Il 6 gennaio 1940 l’istituto di Lad viene trasformato dalla Gestapo in prigione per i sacerdoti della diocesi di Włocławek e di Gniezno-Poznan´. Anche i Salesiani sono considerati prigionieri e tra essi don Francesco che viene incaricato dall’autorità militare di mantenere l’ordine e provvedere al sostentamento di tutti. Due volte, non si sa per quali mancanze, venne poi trasferito a Inowrocław e battuto ferocemente con bastoni. La prima volta ricevette ben 100 colpi senza motivo. Quando poco alla volta i sacerdoti che erano a Lad furono in gran parte trasferiti nei campi di concentramento in Germania, don Miska insieme con i prigionieri rimanenti venne trasportato a Dachau nell’ottobre del 1941. Ammalato di stomaco, il suo organismo non poteva sopportare il vitto del campo. Nessuno badava a ciò ed egli, nonostante le deboli forze, doveva trasportare i pesanti recipienti del vitto ai prigionieri. Una volta compiendo quest’ufficio cadde e si ruppe un braccio. Ciononostante dovette continuare nel medesimo servizio. Dopo tre giorni s’indebolì al punto da non potersi più muovere: le gambe erano orribilmente gonfie. Solo allora fu portato alla baracca-ospedale, ove morì nel giorno della Santissima Trinità, il 30 maggio 1942, cercando di consolare gli altri con il pensiero che nulla succede senza la volontà di Dio, che rimunera abbondantemente tutti i dolori della vita. I suoi resti mortali furono cremati. Aveva 43 anni d’età, quasi 25 di professione religiosa e quasi 15 di sacerdozio.
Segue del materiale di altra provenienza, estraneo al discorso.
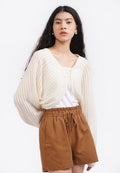 Knit Bolero Top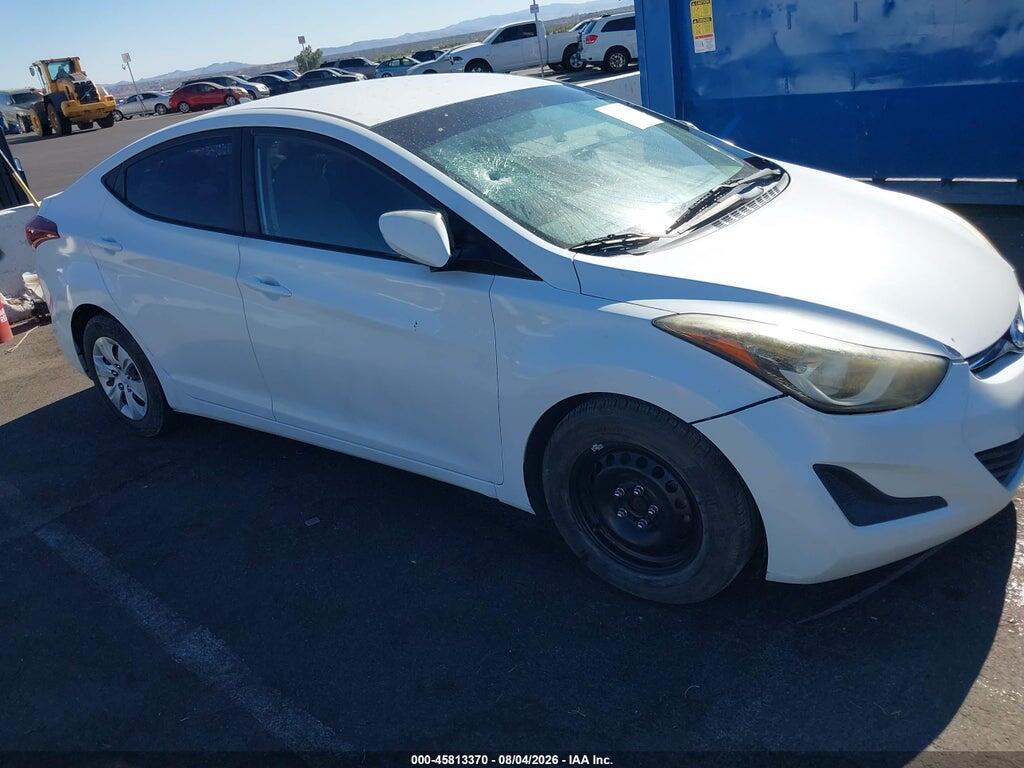 5NPDH4AE0GH735005 2016 HYUNDAI ELANTRA photo no. 12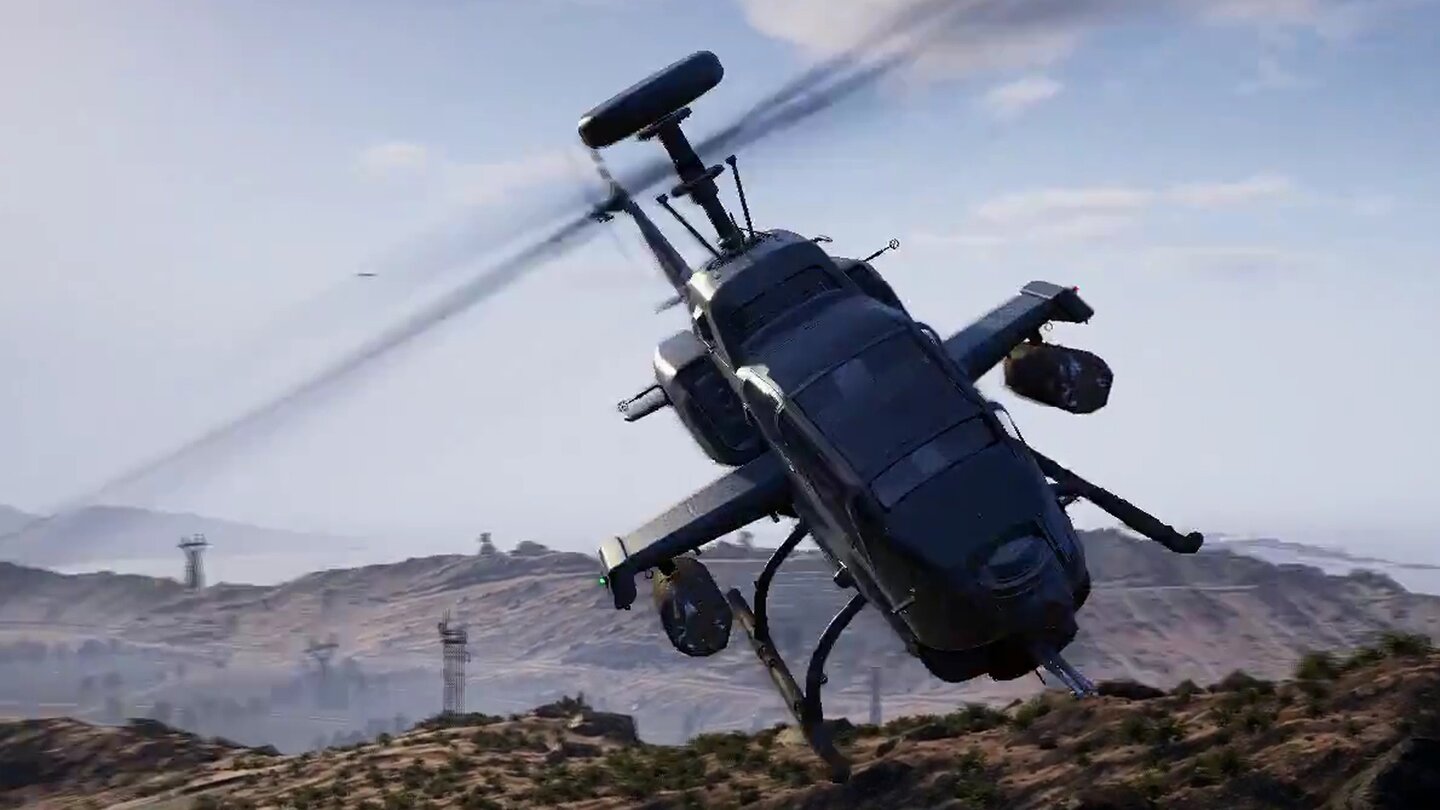 Ghost Recon: Wildlands - Trailer zum Update #6: Endlich Fadenkreuz für Hubschrauber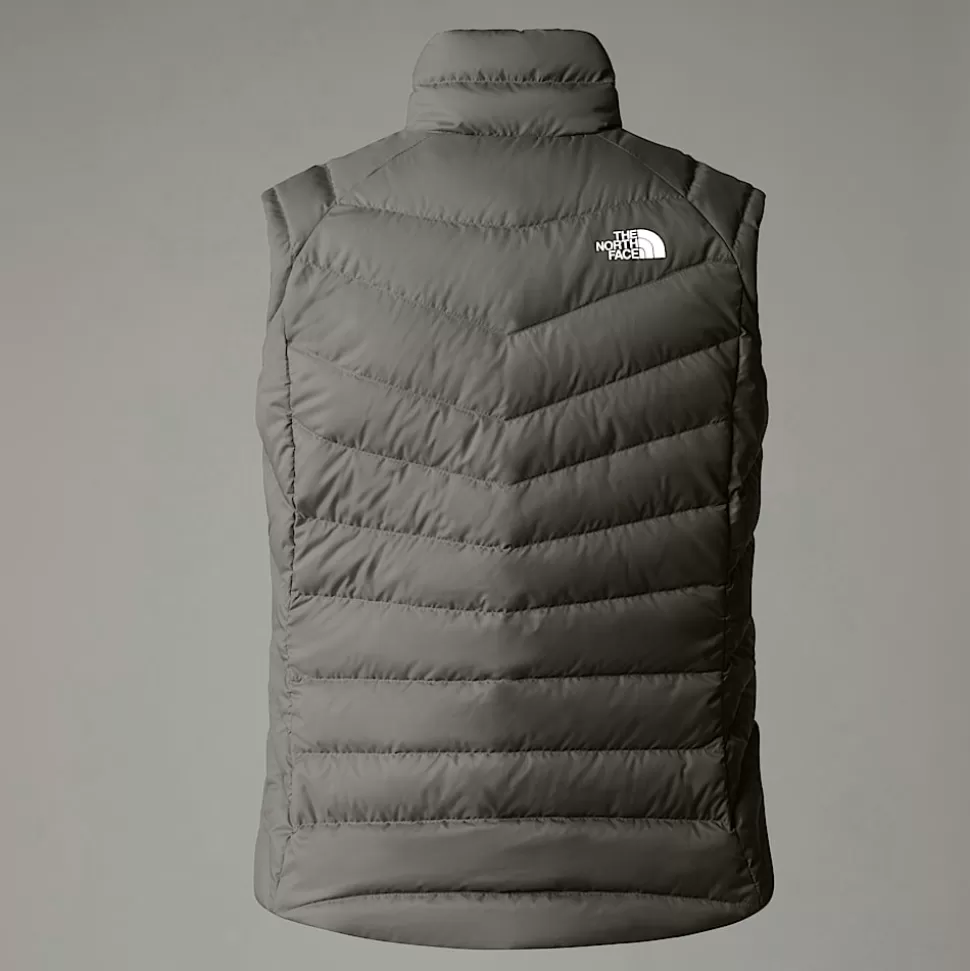 The North Face Chaleco De Plumón Ashton Para Mujer New Taupe Green Store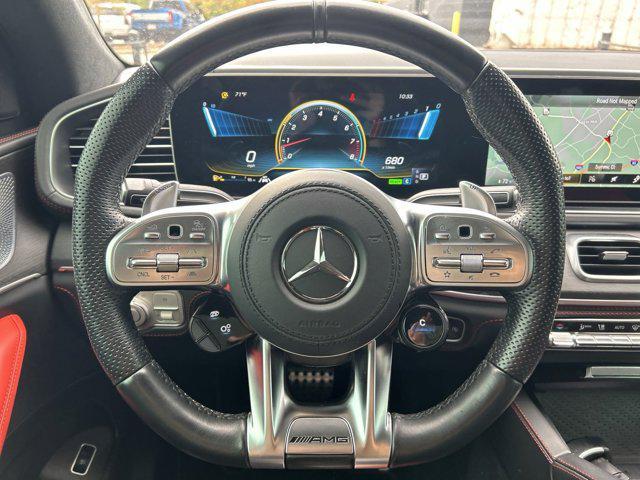 used 2021 Mercedes-Benz AMG GLE 63 car, priced at $79,988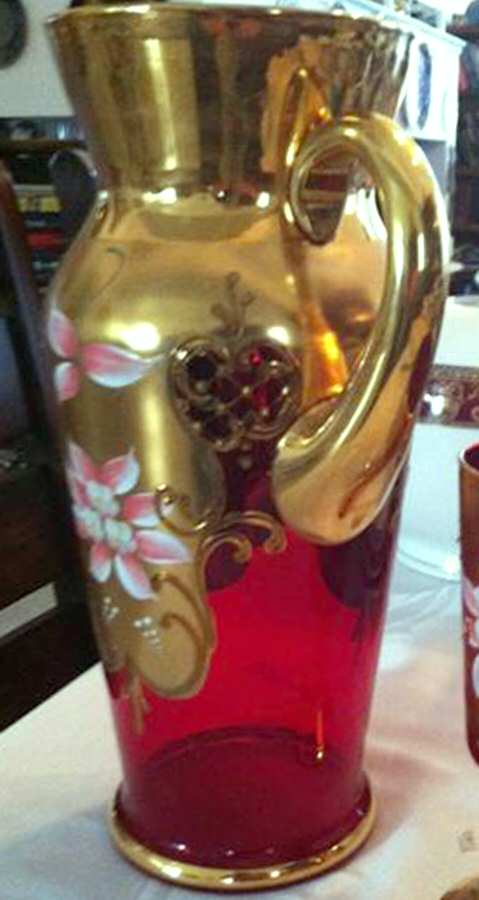 MUR16 Pitcher by Murano Glass-1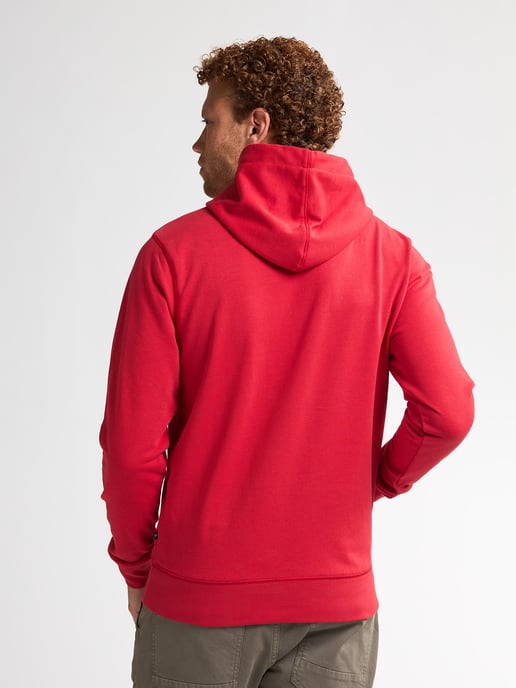 Petrol Industries - Hoodie mit Aufdruck Superior Herren - Rot - Image 4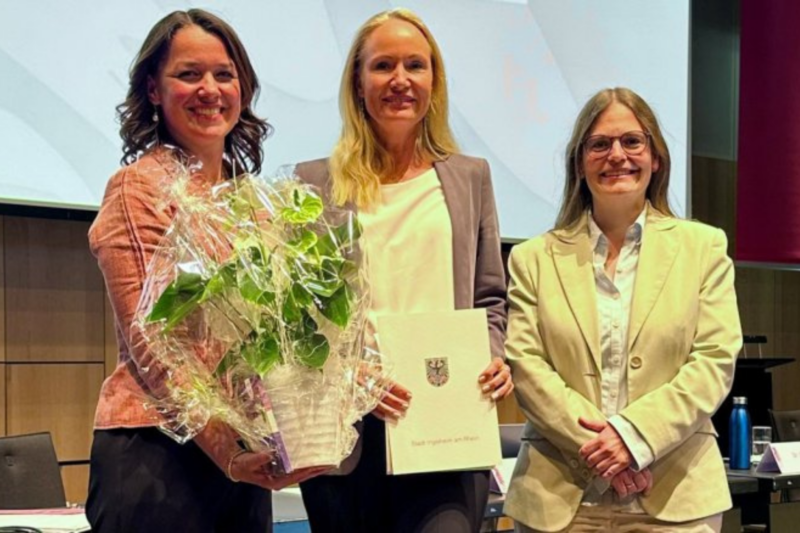 Sybille Schäfer wird neue Bürgermeisterin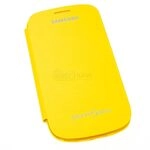 Samsung Original sch&uuml;tzende Display-Klappe / Flip-Cover EFC-1M7FYEGSTD (kompatibel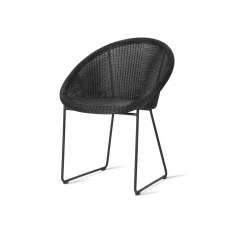 Vincent Sheppard Gipsy dining chair black base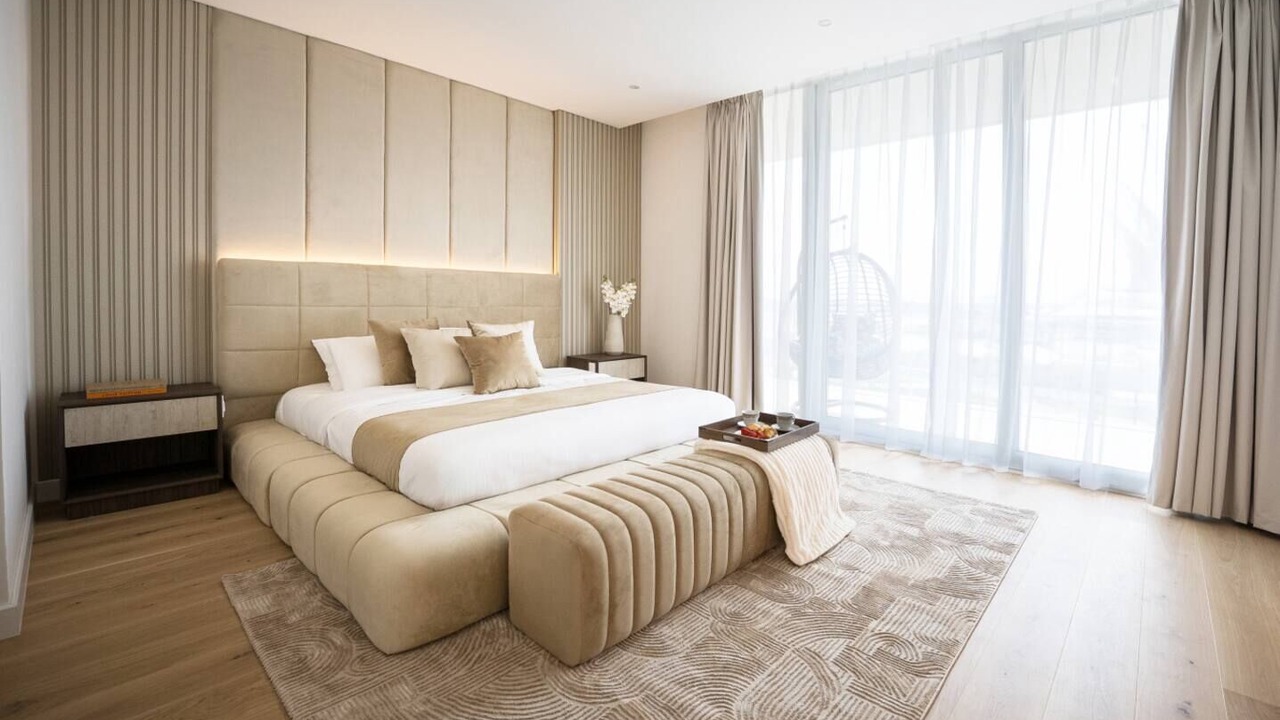 Photo of Bedroom in Saadiyat Cultural District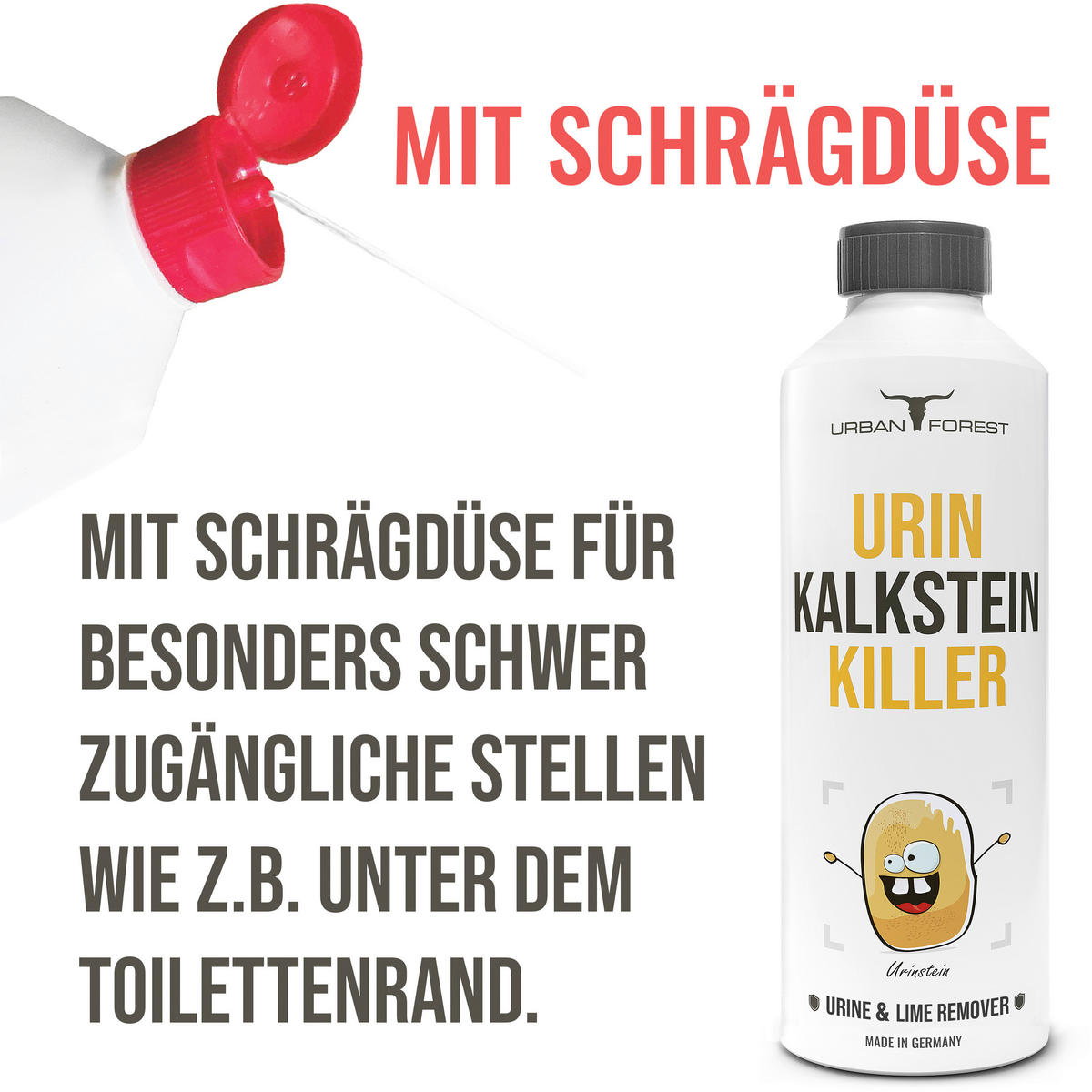 URIN KALKSTEIN KILLER - Basics (1000ml) - Urban Forest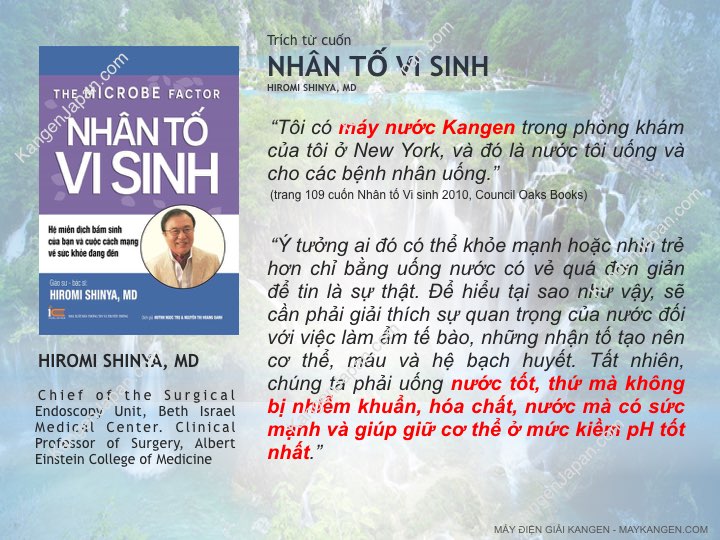 Máy lọc nước kangen chuyên gia 2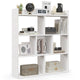 7-cube 3-tier Open Storage Shelf with Anti-tipping Kits for Living Room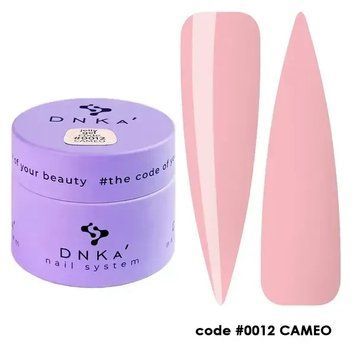 Гель для нарощування та моделювання ногтей DNKa' Jelly Gel 12 Cameo, 15мл JGD0012 фото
Don Miska fu la personificazione della santa allegria salesiana. Ottimista di natura, anche nelle più difficili situazioni sapeva provocare il riso e l’allegria. Nel compiere i propri doveri era svelto e diligente; compiva l’ubbidienza senza alcuna esitazione. Pio e profondamente unito a Dio, accettò la pesante croce del campo di concentramento in perfetta sottomissione alla sua volontà.